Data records
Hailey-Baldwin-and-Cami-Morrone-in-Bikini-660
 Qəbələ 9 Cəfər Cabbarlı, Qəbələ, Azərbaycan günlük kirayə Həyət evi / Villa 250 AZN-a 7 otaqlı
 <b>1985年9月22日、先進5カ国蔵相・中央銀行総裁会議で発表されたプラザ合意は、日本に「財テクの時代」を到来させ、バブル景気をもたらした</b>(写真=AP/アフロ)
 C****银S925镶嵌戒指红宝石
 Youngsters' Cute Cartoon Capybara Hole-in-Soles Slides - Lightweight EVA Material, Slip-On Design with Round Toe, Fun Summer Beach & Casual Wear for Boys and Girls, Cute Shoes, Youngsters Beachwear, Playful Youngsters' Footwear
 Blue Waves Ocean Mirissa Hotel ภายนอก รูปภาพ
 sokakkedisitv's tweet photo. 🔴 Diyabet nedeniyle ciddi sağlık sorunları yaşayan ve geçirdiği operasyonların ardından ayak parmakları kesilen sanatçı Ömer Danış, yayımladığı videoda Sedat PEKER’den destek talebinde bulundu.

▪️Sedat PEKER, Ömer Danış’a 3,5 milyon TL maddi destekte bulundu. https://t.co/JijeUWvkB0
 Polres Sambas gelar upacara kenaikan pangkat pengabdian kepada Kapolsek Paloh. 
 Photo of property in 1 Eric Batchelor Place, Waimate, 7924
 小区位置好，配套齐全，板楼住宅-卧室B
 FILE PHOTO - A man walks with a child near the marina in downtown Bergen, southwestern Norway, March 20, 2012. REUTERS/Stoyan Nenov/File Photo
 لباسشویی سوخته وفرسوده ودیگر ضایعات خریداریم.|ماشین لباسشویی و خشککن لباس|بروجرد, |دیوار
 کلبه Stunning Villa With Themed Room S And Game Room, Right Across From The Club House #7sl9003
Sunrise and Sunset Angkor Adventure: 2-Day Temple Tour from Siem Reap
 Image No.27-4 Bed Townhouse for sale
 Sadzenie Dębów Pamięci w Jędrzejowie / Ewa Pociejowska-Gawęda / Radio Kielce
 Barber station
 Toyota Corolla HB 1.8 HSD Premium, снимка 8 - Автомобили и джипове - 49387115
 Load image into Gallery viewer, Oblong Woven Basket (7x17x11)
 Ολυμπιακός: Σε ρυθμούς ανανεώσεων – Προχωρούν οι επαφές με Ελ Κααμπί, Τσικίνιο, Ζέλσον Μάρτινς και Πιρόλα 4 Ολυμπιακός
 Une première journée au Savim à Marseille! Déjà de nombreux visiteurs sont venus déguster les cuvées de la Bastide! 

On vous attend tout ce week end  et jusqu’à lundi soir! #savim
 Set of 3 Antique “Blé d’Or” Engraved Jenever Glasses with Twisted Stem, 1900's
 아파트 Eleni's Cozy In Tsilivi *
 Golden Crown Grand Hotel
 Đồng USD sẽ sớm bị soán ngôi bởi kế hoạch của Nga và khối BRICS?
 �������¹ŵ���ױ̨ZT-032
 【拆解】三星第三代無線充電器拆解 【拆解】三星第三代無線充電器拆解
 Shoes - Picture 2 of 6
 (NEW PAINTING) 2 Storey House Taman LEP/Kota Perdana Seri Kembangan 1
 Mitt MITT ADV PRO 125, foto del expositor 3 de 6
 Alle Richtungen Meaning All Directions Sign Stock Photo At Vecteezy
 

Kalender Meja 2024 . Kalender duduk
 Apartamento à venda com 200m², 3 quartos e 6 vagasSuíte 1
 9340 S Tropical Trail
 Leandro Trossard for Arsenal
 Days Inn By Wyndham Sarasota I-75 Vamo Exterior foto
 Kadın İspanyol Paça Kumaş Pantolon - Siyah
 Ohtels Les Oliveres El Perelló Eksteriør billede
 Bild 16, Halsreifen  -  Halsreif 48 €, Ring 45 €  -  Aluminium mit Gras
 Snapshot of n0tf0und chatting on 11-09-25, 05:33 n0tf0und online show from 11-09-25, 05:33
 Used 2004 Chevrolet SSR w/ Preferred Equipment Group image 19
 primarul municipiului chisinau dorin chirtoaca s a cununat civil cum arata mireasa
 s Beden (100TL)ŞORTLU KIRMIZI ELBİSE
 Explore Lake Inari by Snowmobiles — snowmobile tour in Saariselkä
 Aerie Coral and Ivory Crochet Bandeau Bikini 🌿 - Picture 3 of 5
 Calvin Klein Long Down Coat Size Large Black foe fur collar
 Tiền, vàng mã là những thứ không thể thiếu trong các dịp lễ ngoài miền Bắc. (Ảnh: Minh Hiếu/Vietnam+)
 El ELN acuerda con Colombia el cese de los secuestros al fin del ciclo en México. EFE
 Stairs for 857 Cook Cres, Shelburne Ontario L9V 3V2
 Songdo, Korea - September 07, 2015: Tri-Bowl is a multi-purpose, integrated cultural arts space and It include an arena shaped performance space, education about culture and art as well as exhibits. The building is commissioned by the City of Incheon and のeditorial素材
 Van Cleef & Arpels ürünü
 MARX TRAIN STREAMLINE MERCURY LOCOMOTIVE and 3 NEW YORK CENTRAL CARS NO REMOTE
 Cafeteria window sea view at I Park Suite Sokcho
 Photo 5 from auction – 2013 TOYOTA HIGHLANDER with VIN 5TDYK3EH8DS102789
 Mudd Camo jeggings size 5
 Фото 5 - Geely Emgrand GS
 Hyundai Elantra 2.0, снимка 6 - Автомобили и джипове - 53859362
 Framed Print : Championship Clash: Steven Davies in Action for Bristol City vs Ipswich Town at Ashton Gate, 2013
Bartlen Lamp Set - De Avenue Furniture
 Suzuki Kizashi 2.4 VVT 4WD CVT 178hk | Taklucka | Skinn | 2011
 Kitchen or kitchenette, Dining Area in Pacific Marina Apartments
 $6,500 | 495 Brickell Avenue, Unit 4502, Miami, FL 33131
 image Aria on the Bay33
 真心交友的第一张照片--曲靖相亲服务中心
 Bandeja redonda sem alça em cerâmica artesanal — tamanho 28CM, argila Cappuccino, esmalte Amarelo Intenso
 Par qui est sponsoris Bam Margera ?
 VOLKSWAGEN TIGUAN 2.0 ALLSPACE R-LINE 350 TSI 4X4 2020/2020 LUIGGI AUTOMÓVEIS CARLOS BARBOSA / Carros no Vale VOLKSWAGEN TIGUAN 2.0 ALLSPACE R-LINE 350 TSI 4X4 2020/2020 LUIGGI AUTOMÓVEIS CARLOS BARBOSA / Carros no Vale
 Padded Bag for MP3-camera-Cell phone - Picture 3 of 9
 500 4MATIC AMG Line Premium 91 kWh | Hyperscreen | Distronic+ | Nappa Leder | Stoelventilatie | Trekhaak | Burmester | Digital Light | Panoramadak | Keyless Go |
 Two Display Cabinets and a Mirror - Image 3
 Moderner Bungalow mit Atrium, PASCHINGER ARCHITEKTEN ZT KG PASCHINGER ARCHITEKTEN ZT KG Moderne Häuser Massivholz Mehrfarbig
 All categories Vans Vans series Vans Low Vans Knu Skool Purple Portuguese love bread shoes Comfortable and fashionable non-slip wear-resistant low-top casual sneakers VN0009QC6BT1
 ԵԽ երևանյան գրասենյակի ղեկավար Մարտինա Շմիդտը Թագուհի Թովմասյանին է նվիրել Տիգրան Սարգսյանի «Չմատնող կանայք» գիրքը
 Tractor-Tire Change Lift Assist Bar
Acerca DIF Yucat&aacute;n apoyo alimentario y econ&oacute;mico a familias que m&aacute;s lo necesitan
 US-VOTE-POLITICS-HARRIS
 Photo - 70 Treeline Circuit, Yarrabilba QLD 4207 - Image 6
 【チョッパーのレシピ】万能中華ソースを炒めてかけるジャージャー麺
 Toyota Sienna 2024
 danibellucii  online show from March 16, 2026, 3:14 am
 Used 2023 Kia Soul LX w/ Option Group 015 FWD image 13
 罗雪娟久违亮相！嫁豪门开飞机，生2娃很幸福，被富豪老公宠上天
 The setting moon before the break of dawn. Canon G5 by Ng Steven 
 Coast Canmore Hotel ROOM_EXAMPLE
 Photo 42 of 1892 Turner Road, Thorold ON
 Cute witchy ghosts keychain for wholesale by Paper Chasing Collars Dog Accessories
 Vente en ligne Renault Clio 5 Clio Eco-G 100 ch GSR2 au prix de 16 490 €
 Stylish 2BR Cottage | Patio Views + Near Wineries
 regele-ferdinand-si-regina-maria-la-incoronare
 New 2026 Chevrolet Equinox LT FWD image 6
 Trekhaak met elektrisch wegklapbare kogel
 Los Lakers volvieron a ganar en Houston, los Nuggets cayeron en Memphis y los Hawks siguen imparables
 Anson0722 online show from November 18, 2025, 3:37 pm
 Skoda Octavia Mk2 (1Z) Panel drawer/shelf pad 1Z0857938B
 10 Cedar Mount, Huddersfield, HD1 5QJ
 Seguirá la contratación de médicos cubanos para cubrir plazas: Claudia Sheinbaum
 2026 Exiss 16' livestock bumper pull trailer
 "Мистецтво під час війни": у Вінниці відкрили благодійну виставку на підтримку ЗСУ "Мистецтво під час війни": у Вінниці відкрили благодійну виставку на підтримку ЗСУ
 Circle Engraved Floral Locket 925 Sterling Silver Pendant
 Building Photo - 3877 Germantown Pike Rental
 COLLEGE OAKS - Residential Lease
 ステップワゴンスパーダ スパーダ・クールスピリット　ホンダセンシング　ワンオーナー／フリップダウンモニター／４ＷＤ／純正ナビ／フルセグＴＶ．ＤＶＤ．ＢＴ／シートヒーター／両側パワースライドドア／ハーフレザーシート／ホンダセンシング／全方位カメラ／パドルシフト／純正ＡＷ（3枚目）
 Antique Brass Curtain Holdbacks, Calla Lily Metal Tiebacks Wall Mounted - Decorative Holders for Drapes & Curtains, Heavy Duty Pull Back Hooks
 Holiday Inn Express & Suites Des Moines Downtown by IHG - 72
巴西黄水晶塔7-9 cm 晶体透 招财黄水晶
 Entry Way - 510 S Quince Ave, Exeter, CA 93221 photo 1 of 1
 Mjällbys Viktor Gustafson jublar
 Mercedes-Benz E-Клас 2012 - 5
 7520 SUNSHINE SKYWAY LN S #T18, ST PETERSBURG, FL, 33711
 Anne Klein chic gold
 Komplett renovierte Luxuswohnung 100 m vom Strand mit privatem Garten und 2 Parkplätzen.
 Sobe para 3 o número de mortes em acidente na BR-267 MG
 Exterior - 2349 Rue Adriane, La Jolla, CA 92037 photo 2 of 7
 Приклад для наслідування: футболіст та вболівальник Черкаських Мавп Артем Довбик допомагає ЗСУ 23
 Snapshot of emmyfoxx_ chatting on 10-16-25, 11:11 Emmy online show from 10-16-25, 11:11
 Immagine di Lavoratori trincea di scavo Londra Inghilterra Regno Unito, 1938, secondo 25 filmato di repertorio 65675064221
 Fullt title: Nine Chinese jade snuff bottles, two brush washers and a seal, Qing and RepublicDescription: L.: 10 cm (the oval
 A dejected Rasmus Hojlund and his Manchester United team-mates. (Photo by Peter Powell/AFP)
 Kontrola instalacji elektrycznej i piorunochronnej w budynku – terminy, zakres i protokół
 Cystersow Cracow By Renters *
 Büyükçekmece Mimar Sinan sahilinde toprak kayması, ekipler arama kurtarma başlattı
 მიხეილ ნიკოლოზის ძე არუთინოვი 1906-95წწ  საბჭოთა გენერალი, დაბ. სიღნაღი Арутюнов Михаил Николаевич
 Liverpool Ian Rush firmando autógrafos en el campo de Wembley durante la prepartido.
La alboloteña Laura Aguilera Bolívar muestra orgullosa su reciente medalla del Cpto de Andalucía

_Task statement_
The lines to copy run from the first line of the entries to the line containing "Youngsters' Cute Cartoon"; copy them exactly and output nothing else.

_Completed exercise_
Hailey-Baldwin-and-Cami-Morrone-in-Bikini-660
 Qəbələ 9 Cəfər Cabbarlı, Qəbələ, Azərbaycan günlük kirayə Həyət evi / Villa 250 AZN-a 7 otaqlı
 <b>1985年9月22日、先進5カ国蔵相・中央銀行総裁会議で発表されたプラザ合意は、日本に「財テクの時代」を到来させ、バブル景気をもたらした</b>(写真=AP/アフロ)
 C****银S925镶嵌戒指红宝石
 Youngsters' Cute Cartoon Capybara Hole-in-Soles Slides - Lightweight EVA Material, Slip-On Design with Round Toe, Fun Summer Beach & Casual Wear for Boys and Girls, Cute Shoes, Youngsters Beachwear, Playful Youngsters' Footwear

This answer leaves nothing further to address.